HAVANA - One of the original leaders of the Cuban revolution and current vice president Juan Almeida has died of heart failure at the age of 82, state-run press reported on Saturday.

Almeida was at the side of Fidel and Raul Castro from the earliest days of the revolution and was the only black commander in the leadership.

Fidel Castro took power after the rebels toppled dictator Fulgencio Batista on January 1, 1959, and ruled until Raul Castro succeeded him as president last year.

Almeida, who had been in ill health in recent years, died late on Friday, Communist Party newspaper Granma said.

Many of Cuba's top leaders are about the same age as Almeida, which has raised questions about who will succeed the Castros. Raul Castro is 78, while Fidel Castro is 83.

Almeida served in top positions from the beginning of the revolutionary government and at his death was one of several vice presidents in the Council of State under Raul Castro and a member of the powerful political bureau of the ruling Communist Party.

The construction worker from a humble Havana neighborhood participated in the ill-fated July 26, 1953 attack on the Moncada military barracks in the eastern city of Santiago de Cuba that began the uprising.

He and the Castros were imprisoned after the attack. Following a pardon by Batista in 1955, they were released and went to Mexico to regroup and train.

He was on the yacht Granma when it carried the small rebel fighting force from Mexico to Cuba in late 1956 and he fought in the Sierra Maestra mountains that were the rebel base. Fidel Castro named him a commander, in charge of the third rebel front.

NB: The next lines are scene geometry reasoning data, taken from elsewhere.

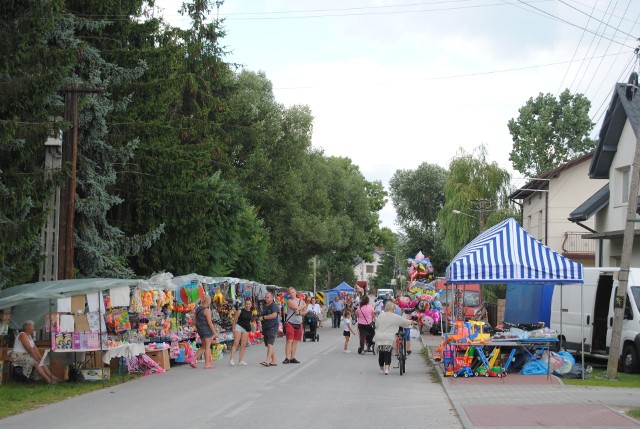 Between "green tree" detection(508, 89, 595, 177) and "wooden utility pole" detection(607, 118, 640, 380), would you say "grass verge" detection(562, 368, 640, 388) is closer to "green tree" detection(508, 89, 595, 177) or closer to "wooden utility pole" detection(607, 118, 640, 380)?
"wooden utility pole" detection(607, 118, 640, 380)

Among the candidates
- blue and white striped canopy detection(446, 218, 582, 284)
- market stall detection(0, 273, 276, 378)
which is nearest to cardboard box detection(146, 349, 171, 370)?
market stall detection(0, 273, 276, 378)

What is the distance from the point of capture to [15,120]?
51.0 ft

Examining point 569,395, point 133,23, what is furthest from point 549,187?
point 569,395

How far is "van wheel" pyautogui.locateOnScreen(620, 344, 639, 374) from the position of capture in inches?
757

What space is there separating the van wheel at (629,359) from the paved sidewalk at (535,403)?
3.62 meters

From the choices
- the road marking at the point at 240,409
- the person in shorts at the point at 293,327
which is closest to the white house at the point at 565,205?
the person in shorts at the point at 293,327

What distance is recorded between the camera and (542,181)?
156ft

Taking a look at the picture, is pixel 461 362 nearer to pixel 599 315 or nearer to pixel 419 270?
pixel 599 315

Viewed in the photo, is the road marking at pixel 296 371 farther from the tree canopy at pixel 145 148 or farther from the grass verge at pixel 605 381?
the tree canopy at pixel 145 148

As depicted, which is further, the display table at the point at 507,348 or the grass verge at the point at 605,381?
the display table at the point at 507,348

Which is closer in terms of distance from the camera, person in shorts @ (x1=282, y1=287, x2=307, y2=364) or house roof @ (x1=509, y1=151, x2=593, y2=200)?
person in shorts @ (x1=282, y1=287, x2=307, y2=364)

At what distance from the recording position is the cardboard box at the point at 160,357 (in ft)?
64.8

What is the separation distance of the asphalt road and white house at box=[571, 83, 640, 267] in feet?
40.7

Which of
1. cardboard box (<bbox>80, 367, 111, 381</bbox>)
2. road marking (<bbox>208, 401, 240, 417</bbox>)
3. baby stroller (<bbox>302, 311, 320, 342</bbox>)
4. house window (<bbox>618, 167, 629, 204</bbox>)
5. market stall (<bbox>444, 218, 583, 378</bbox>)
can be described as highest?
house window (<bbox>618, 167, 629, 204</bbox>) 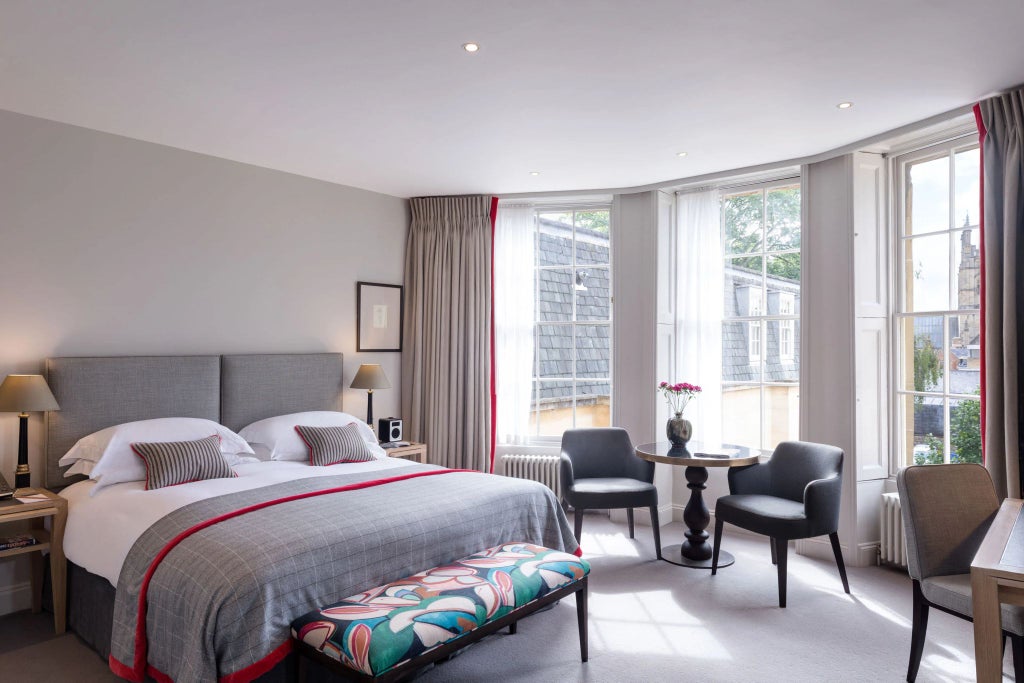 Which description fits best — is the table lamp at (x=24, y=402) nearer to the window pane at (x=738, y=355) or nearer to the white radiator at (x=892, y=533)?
the window pane at (x=738, y=355)

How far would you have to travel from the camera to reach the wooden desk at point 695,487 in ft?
13.0

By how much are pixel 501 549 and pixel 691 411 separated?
252cm

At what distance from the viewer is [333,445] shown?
3961 mm

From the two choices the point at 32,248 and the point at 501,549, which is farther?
the point at 32,248

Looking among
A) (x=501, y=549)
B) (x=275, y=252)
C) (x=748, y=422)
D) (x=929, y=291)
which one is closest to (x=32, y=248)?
(x=275, y=252)

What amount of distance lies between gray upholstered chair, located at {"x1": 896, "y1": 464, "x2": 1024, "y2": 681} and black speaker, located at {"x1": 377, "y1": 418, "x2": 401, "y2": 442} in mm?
3344

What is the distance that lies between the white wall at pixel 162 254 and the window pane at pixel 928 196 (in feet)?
11.9

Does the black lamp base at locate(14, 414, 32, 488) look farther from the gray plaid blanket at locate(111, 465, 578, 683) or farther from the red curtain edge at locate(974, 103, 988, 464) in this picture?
the red curtain edge at locate(974, 103, 988, 464)

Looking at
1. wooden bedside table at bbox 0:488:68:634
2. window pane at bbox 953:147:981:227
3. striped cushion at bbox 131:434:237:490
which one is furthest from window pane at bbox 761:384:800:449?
wooden bedside table at bbox 0:488:68:634

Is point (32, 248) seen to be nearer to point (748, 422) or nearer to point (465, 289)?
point (465, 289)

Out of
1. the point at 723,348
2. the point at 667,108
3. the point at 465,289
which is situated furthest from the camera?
the point at 465,289

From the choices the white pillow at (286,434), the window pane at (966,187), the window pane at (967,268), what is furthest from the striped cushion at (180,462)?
the window pane at (966,187)

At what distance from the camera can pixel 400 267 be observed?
5406 millimetres

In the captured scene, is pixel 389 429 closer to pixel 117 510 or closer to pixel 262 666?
pixel 117 510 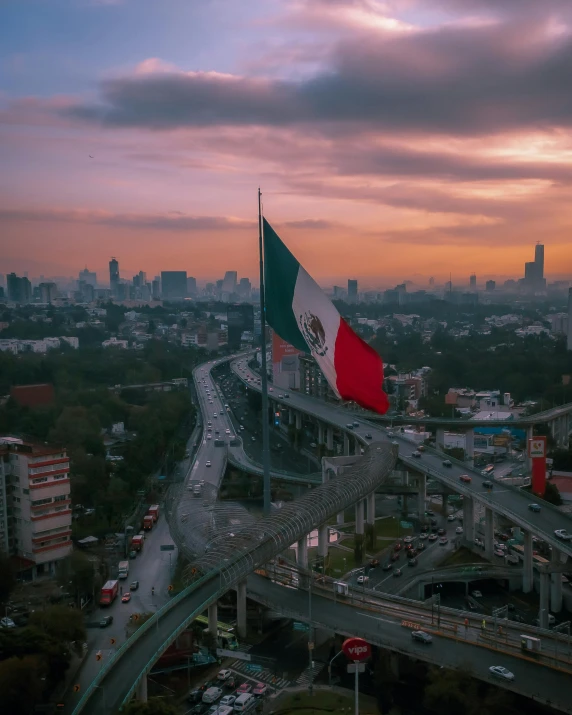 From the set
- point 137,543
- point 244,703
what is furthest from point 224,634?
point 137,543

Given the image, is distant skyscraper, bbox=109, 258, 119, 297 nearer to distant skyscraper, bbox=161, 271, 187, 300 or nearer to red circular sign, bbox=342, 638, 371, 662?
distant skyscraper, bbox=161, 271, 187, 300

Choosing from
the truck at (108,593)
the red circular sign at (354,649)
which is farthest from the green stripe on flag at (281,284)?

During an early encounter with government troops, he gained fame for running to the front of the outnumbered rebels and shouting, Here, nobody surrenders.

A black and white photo from those days, published alongside the story of his death, showed a bearded and smiling Almeida, wearing a wide-brimmed hat.

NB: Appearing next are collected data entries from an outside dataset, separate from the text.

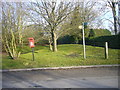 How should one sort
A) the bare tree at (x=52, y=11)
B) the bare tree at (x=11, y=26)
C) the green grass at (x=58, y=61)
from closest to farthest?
the green grass at (x=58, y=61) → the bare tree at (x=11, y=26) → the bare tree at (x=52, y=11)

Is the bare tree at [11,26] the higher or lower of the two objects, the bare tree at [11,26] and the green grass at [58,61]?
the higher

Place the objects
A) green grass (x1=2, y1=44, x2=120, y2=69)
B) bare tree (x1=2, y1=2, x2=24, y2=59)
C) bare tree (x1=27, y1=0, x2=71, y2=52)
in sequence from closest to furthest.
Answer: green grass (x1=2, y1=44, x2=120, y2=69)
bare tree (x1=2, y1=2, x2=24, y2=59)
bare tree (x1=27, y1=0, x2=71, y2=52)

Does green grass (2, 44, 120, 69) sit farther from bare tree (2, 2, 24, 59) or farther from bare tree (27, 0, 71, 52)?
bare tree (27, 0, 71, 52)

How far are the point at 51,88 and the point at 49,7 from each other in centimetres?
1162

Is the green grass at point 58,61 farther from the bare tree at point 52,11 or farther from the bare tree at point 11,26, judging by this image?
the bare tree at point 52,11

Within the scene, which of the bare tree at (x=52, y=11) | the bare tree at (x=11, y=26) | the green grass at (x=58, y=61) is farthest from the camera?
the bare tree at (x=52, y=11)

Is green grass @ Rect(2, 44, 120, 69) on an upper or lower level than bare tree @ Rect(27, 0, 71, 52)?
lower

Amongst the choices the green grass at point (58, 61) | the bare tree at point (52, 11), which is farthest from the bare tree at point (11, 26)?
the bare tree at point (52, 11)

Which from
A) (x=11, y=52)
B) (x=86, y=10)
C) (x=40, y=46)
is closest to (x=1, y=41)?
(x=11, y=52)

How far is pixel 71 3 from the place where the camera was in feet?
47.1

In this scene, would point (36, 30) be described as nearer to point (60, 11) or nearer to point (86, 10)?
point (60, 11)

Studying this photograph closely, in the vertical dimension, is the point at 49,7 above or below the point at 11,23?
above

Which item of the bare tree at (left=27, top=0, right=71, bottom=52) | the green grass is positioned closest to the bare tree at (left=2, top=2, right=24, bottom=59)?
the green grass

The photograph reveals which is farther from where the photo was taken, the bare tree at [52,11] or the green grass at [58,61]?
the bare tree at [52,11] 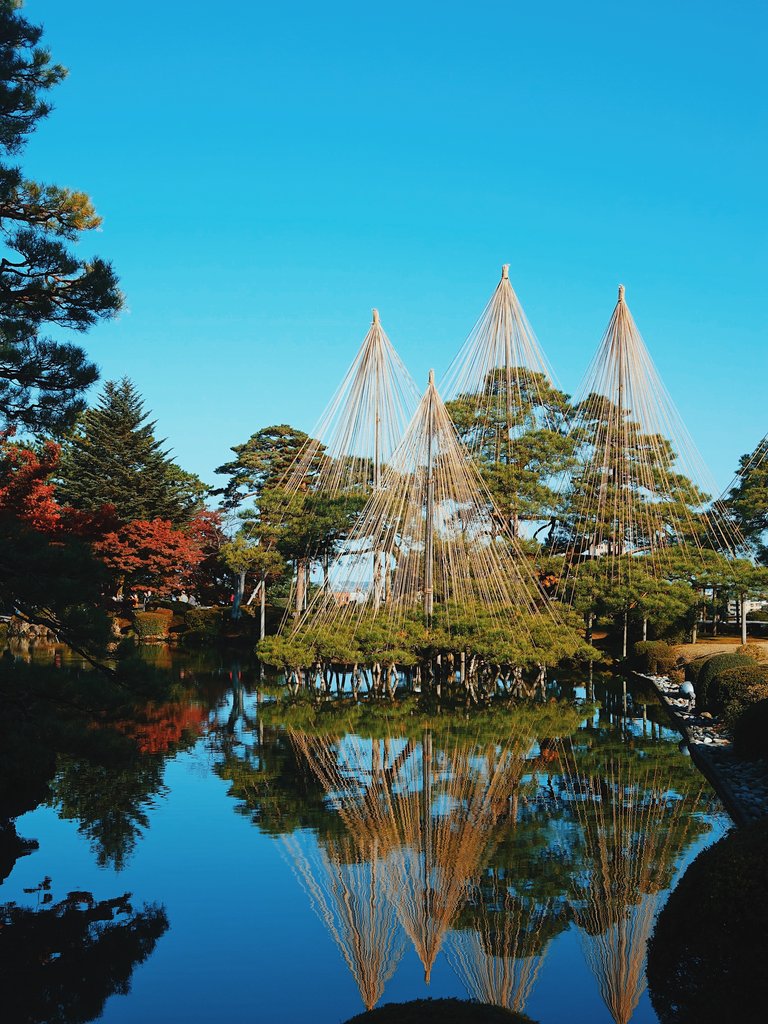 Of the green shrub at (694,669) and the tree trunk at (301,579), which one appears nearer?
the green shrub at (694,669)

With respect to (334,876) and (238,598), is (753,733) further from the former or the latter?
(238,598)

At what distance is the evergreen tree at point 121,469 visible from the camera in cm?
3259

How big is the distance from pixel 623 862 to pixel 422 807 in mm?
2429

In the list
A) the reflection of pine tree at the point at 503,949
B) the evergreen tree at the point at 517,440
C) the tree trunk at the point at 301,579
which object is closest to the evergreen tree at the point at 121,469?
the tree trunk at the point at 301,579

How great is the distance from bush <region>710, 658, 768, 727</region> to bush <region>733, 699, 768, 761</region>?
1.30 metres

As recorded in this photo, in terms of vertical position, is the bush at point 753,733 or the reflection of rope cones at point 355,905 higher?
the bush at point 753,733

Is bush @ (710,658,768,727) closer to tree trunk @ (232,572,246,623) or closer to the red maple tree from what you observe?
the red maple tree

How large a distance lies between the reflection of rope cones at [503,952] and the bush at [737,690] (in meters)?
6.76

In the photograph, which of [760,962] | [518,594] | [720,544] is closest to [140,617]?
[518,594]

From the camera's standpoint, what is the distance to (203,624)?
33281 mm

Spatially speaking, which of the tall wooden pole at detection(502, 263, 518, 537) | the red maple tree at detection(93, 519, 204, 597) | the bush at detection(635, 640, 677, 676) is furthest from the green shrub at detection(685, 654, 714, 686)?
the red maple tree at detection(93, 519, 204, 597)

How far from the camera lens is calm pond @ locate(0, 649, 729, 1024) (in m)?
5.50

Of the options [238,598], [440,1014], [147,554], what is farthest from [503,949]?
[238,598]

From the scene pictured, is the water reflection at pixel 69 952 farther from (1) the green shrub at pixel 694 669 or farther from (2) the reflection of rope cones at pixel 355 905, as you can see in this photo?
(1) the green shrub at pixel 694 669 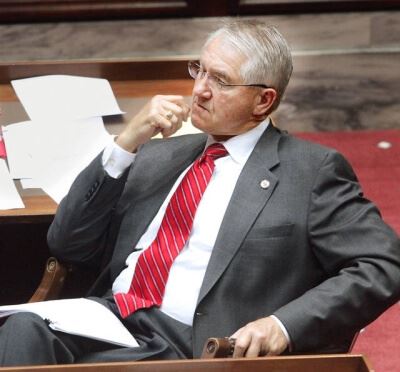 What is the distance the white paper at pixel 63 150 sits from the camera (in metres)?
2.42

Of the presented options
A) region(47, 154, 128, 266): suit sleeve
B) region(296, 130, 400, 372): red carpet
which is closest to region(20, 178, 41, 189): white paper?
region(47, 154, 128, 266): suit sleeve

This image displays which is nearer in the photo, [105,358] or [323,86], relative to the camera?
[105,358]

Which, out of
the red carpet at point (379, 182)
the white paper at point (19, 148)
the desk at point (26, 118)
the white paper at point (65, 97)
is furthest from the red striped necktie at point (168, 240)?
Result: the red carpet at point (379, 182)

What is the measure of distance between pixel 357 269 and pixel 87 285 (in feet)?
2.74

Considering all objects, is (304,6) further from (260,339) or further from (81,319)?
(260,339)

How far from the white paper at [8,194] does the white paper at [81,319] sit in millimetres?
295

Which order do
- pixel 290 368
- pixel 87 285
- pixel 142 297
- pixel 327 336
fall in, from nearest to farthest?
pixel 290 368 < pixel 327 336 < pixel 142 297 < pixel 87 285

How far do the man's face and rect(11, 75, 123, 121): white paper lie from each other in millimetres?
593

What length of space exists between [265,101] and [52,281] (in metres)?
0.67

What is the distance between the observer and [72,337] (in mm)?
2070

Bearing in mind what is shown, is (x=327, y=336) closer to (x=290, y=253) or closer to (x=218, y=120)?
(x=290, y=253)

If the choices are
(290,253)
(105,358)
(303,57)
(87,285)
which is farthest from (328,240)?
(303,57)

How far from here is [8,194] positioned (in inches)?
92.6

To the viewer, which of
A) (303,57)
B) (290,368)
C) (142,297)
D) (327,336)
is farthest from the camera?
(303,57) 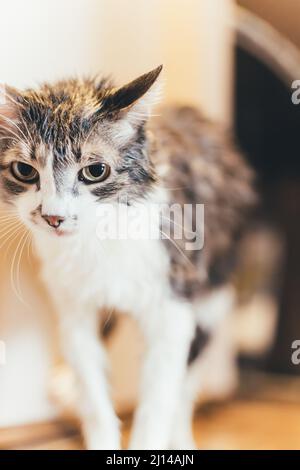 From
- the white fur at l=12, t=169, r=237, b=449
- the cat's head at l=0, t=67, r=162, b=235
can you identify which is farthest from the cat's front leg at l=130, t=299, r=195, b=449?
the cat's head at l=0, t=67, r=162, b=235

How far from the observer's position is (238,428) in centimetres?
128

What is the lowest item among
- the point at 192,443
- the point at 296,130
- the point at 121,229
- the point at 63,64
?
the point at 192,443

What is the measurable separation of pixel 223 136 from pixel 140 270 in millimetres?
483

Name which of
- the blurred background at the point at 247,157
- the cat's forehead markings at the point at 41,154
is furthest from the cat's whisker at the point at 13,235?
the cat's forehead markings at the point at 41,154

Commander Almeida was always in the first line of combat with the Head of the Revolution, valiant, decisive and loyal to the ultimate consequences, the political bureau said in a note published in Granma.

He met Fidel Castro in 1952 and became an enduring admirer.

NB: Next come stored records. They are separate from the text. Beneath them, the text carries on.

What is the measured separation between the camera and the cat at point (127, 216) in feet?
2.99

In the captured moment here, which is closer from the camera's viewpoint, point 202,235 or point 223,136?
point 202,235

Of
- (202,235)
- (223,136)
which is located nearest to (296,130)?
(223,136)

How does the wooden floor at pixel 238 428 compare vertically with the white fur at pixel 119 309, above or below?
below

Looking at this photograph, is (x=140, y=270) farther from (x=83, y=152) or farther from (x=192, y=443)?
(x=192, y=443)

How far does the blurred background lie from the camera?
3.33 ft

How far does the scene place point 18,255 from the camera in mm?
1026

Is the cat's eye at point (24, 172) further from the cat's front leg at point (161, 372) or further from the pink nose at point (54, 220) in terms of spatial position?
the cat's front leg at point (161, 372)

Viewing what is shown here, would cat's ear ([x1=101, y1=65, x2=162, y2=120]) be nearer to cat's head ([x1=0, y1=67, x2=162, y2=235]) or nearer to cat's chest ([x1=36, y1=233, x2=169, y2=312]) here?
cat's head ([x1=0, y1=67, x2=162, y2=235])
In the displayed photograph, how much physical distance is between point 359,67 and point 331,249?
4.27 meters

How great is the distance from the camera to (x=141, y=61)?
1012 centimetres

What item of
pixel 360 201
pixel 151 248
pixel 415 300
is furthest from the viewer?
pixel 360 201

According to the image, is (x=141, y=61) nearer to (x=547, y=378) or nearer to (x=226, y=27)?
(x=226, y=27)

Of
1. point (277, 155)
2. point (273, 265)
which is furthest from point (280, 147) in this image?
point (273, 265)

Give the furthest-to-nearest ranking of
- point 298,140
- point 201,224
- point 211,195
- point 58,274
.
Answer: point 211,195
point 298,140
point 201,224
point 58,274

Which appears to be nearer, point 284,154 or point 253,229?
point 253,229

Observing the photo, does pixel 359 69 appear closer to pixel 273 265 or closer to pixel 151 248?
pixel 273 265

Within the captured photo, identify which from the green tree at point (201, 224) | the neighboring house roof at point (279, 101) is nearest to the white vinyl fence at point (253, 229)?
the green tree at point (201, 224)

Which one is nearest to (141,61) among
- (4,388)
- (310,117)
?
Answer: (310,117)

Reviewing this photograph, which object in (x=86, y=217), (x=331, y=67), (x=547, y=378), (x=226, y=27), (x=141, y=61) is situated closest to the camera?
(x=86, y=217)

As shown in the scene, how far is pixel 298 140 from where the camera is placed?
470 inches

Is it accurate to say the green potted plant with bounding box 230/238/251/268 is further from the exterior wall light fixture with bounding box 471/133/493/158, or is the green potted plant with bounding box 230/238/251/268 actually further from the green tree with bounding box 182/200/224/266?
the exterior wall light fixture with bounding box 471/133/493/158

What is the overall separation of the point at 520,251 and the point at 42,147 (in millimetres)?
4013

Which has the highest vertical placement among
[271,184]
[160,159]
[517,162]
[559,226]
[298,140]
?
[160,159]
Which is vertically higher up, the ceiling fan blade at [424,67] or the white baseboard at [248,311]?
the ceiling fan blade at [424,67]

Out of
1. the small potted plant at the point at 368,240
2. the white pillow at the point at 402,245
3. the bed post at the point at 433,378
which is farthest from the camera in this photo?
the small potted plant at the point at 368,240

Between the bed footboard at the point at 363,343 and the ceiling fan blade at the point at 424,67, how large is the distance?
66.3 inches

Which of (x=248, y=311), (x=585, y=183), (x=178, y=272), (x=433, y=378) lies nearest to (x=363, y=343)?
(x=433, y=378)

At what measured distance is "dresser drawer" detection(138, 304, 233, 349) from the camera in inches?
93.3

I'm honored to have met him personally in 1952 and since then to have shared with him all these years where I have seen him grow as the unchallenged leader, Almeida wrote in his book Absolved by History, dedicated to Fidel.

Fidel Castro named him a Hero of the Republic of Cuba in 1998.

Apart from his military and political accomplishments, Almeida was a writer of songs and books. His Dame un traguito (Give me a Sip) or La Lupe was for years a popular song on the island.
The government declared Sunday a day of national mourning for Almeida. He was to be buried in the Sierra Maestra, the political bureau said.

The name of Commander of the Revolution Juan Almeida Bosque will remain always in the hearts and minds of his compatriots, it said.